--- EXERCISE DETAILS ---
Your reply should consist solely of the lines from the one containing "Pre-owned Louis Vuitton" through the end of the data, restated word for word.

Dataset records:
· · · ·

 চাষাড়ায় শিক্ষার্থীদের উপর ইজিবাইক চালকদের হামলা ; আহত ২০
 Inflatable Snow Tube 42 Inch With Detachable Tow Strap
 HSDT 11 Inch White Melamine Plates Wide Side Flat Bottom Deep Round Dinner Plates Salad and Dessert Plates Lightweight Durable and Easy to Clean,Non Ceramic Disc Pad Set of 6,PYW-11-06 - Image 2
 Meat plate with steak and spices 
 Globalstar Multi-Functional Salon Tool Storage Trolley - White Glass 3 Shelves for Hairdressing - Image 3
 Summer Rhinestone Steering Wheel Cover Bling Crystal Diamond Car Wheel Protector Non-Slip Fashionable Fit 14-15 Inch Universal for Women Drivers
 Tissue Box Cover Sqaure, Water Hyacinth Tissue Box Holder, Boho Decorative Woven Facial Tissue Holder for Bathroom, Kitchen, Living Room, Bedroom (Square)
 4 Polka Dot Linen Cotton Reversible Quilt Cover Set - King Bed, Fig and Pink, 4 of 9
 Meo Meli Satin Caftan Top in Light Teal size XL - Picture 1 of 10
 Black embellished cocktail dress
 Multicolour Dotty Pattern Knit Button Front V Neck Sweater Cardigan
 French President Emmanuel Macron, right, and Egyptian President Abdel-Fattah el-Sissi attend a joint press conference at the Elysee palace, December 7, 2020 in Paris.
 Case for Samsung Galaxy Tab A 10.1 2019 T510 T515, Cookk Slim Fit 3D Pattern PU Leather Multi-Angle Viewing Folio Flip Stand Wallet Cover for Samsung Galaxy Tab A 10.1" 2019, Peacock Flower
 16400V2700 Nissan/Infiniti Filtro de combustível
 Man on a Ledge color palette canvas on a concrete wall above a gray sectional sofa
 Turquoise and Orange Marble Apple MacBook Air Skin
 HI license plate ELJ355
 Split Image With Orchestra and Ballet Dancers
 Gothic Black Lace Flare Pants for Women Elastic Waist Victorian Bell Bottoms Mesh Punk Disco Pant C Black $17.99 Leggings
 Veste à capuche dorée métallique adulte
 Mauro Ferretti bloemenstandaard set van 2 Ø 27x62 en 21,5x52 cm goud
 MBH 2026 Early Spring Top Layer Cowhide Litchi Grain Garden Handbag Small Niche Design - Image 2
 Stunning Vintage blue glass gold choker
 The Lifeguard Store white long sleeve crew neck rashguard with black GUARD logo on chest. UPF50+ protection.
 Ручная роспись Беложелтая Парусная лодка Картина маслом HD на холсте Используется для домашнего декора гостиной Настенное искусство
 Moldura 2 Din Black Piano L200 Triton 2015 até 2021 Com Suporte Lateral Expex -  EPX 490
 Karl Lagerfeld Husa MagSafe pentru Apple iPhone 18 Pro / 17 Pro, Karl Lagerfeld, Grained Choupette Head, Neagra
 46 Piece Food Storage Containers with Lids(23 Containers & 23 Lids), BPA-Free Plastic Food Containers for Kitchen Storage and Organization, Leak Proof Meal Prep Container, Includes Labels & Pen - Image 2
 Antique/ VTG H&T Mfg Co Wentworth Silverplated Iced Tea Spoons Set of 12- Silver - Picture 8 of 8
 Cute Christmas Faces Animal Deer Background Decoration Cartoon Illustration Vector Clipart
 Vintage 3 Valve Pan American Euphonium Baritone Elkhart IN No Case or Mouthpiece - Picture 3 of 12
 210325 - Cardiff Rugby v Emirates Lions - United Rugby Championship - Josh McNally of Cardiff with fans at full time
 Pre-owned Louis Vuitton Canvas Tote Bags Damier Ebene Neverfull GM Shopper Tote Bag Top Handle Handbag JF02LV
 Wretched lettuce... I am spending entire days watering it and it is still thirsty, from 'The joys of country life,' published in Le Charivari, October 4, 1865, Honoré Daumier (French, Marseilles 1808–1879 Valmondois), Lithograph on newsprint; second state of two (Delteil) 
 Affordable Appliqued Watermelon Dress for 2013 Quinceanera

· · · ·

--- ANSWER SECTION ---
 Pre-owned Louis Vuitton Canvas Tote Bags Damier Ebene Neverfull GM Shopper Tote Bag Top Handle Handbag JF02LV
 Wretched lettuce... I am spending entire days watering it and it is still thirsty, from 'The joys of country life,' published in Le Charivari, October 4, 1865, Honoré Daumier (French, Marseilles 1808–1879 Valmondois), Lithograph on newsprint; second state of two (Delteil) 
 Affordable Appliqued Watermelon Dress for 2013 Quinceanera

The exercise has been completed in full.